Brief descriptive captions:
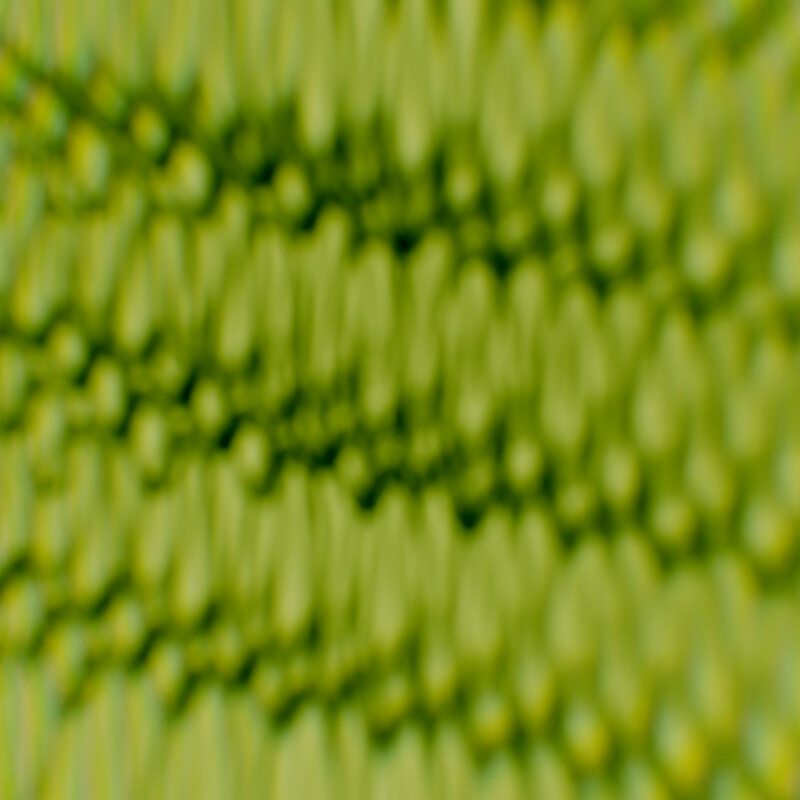 Palisade Mesophyll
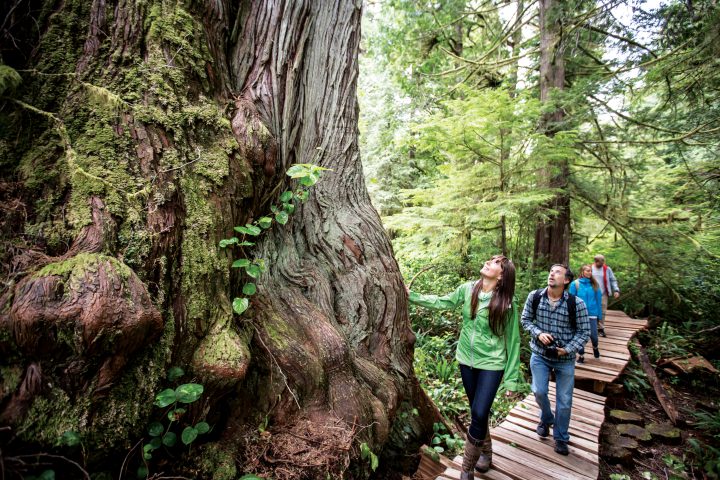 Seven things to do this summer on Vancouver Island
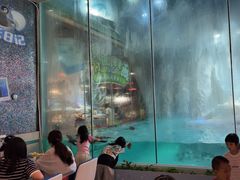 -帝企鹅自助餐厅•儿童岛•真企鹅(长隆企鹅酒店)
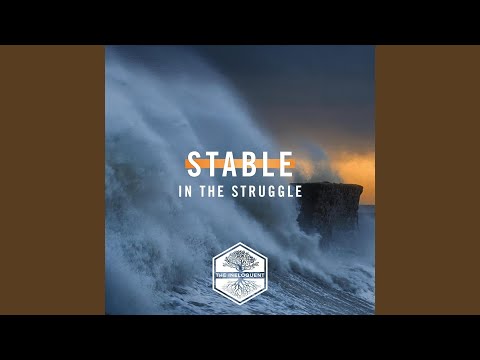 Stable in the Struggle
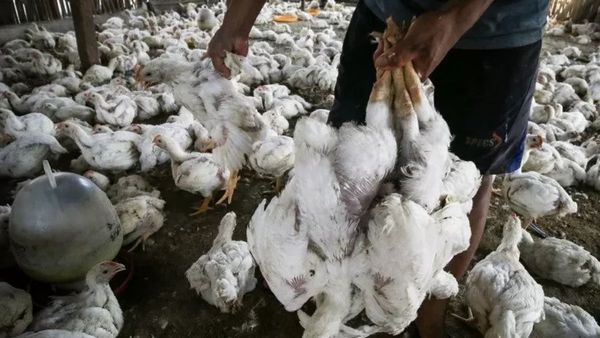 Sebanyak 30 Unggas di Tanah Bumbu Kalsel Positif Terjangkit Flu Burung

## [WORK TO BE COMPLETED]
Do not copy pictures. Restate exactly the lines from the one containing "Seven things to" through the last line of the records.

## [ANSWER TO THE PROBLEM]
 Seven things to do this summer on Vancouver Island
 -帝企鹅自助餐厅•儿童岛•真企鹅(长隆企鹅酒店)
 Stable in the Struggle
 Sebanyak 30 Unggas di Tanah Bumbu Kalsel Positif Terjangkit Flu Burung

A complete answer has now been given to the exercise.